> Exercise prompt
The required output is the exact sequence of lines from the line holding "Advantages of division" to the end of the records, inclusive.

Short text fragments from websites
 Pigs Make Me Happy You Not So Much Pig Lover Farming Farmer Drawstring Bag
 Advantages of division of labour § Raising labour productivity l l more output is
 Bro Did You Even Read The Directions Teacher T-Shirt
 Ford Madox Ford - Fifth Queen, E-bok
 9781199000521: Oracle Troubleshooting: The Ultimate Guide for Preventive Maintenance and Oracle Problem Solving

> Written solution
 Advantages of division of labour § Raising labour productivity l l more output is
 Bro Did You Even Read The Directions Teacher T-Shirt
 Ford Madox Ford - Fifth Queen, E-bok
 9781199000521: Oracle Troubleshooting: The Ultimate Guide for Preventive Maintenance and Oracle Problem Solving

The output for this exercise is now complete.